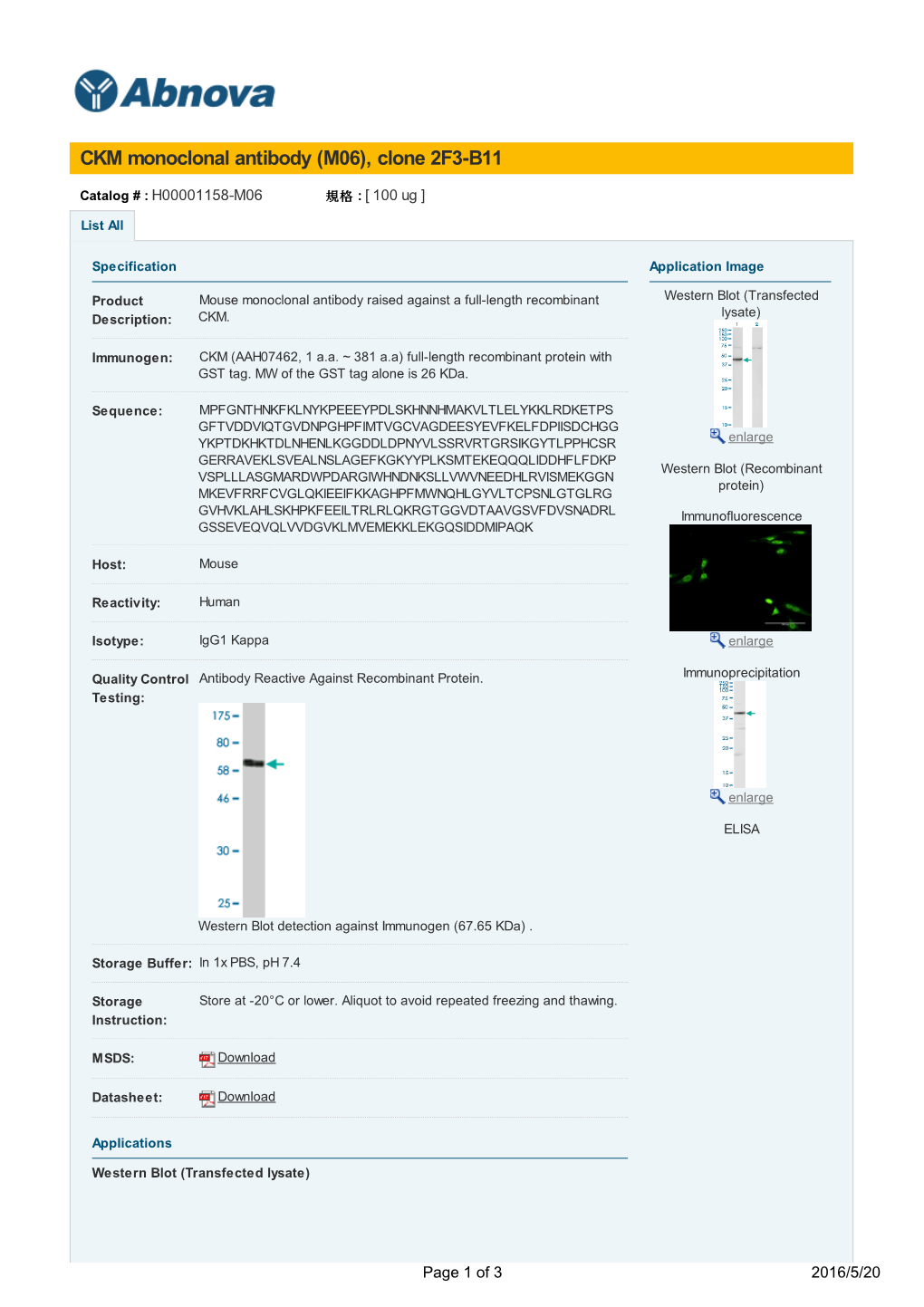 CKM Monoclonal Antibody (M06), Clone 2F3-B11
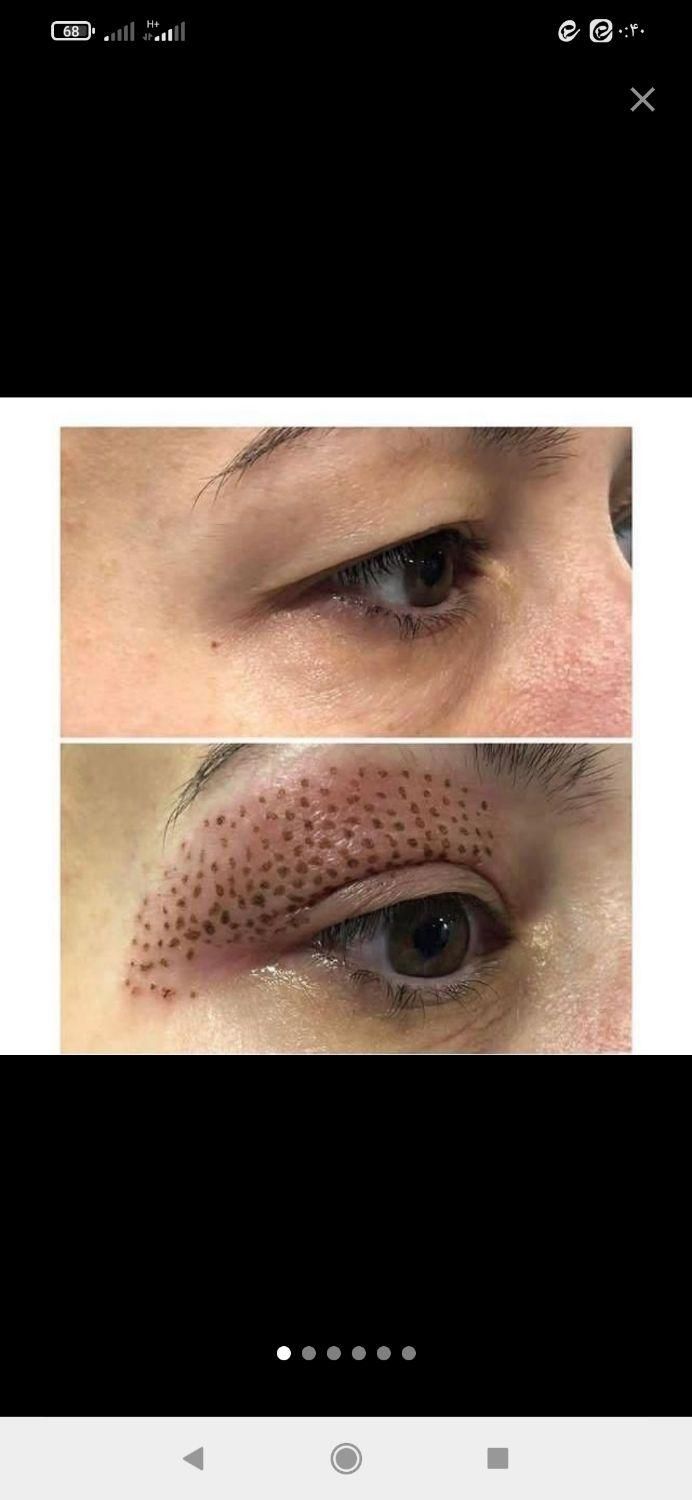 فیشیال تخصصی صورت وخالبرداری تخصصی وپلاسماتراپی|خدمات آرایشگری و زیبایی|قم, شهرک فاطمیه|دیوار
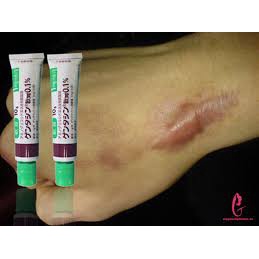 Kem mờ sẹo lồi sẹo mổ đẻ sau sinh kem mờ sẹo Gentacin Nhật shopbanhgaobaby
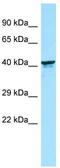 Killer cell immunoglobulin-like receptor 2DL5B antibody, TA338338, Origene, Western Blot image 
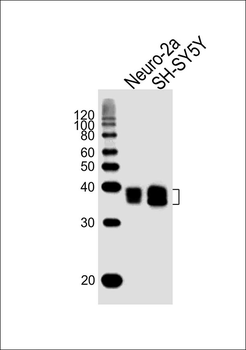 (Mouse) Msi1 Antibody (Center)
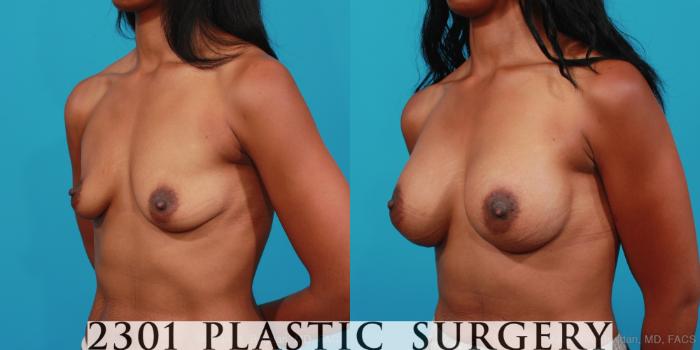 Before & After Silicone Implants Case 348 View #3 View in Fort Worth, Plano, & Frisco, Texas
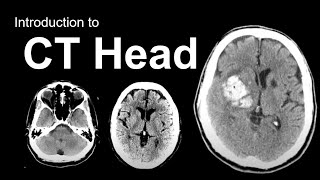 Introduction to CT Head Approach and Principles [upl. by Nodnarb]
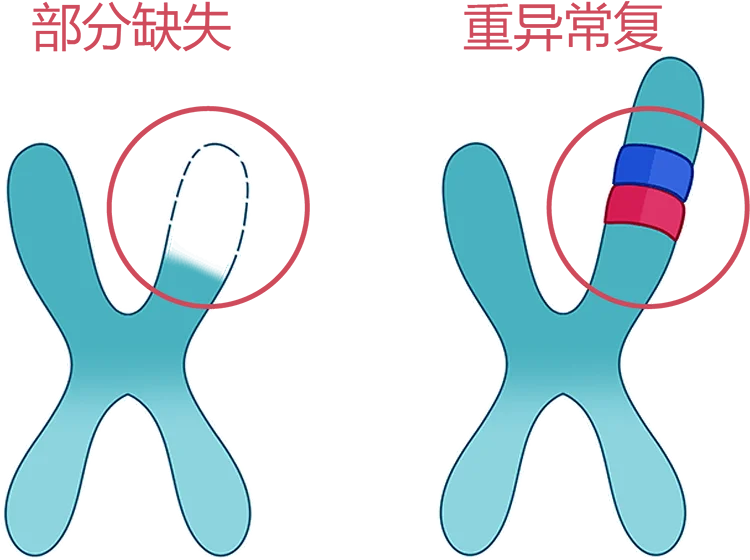 染色体缺失或者重复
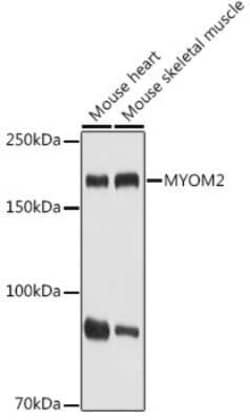 Myomesin 2 Rabbit anti-Human, Mouse, Rat, Polyclonal, Novus Biologicals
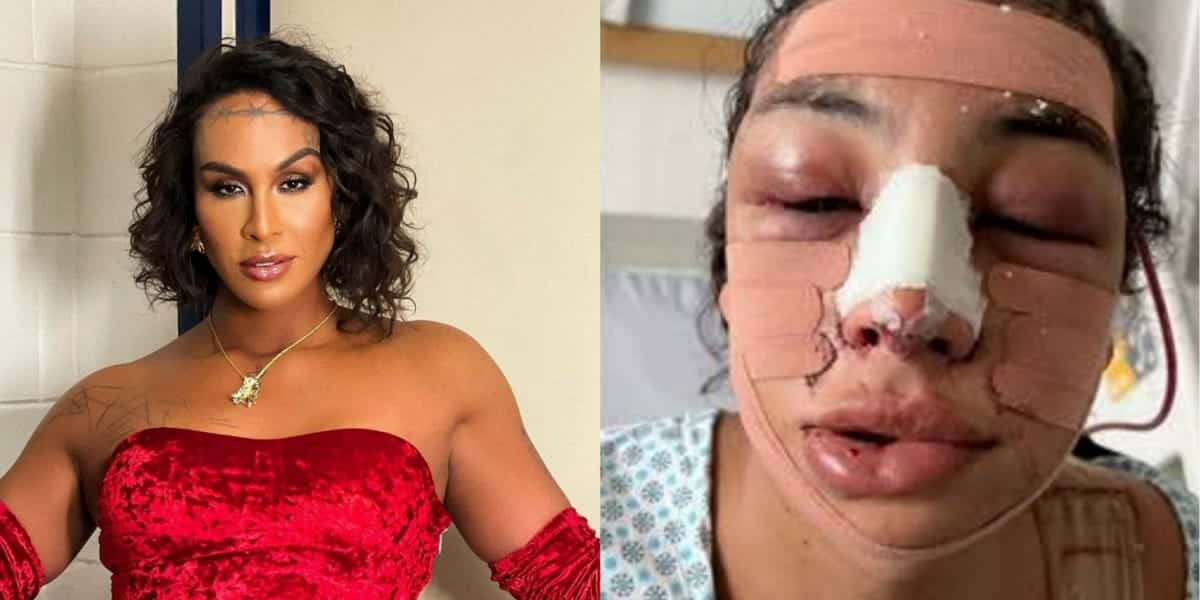 Linn da Quebrada, a Lina,faz cirurgia de feminilização e mostra resultado (Foto: Reprodução / Internet)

........

WHAT NEEDS TO BE DONE: "فیشیال تخصصی صورت" marks the first line to be returned; return exactly that line and every line after it through the last line of the listing, omitting pictures.

COMPLETED EXERCISE:
 فیشیال تخصصی صورت وخالبرداری تخصصی وپلاسماتراپی|خدمات آرایشگری و زیبایی|قم, شهرک فاطمیه|دیوار
 Kem mờ sẹo lồi sẹo mổ đẻ sau sinh kem mờ sẹo Gentacin Nhật shopbanhgaobaby
 Killer cell immunoglobulin-like receptor 2DL5B antibody, TA338338, Origene, Western Blot image 
 (Mouse) Msi1 Antibody (Center)
 Before & After Silicone Implants Case 348 View #3 View in Fort Worth, Plano, & Frisco, Texas
 Introduction to CT Head Approach and Principles [upl. by Nodnarb]
 染色体缺失或者重复
 Myomesin 2 Rabbit anti-Human, Mouse, Rat, Polyclonal, Novus Biologicals
 Linn da Quebrada, a Lina,faz cirurgia de feminilização e mostra resultado (Foto: Reprodução / Internet)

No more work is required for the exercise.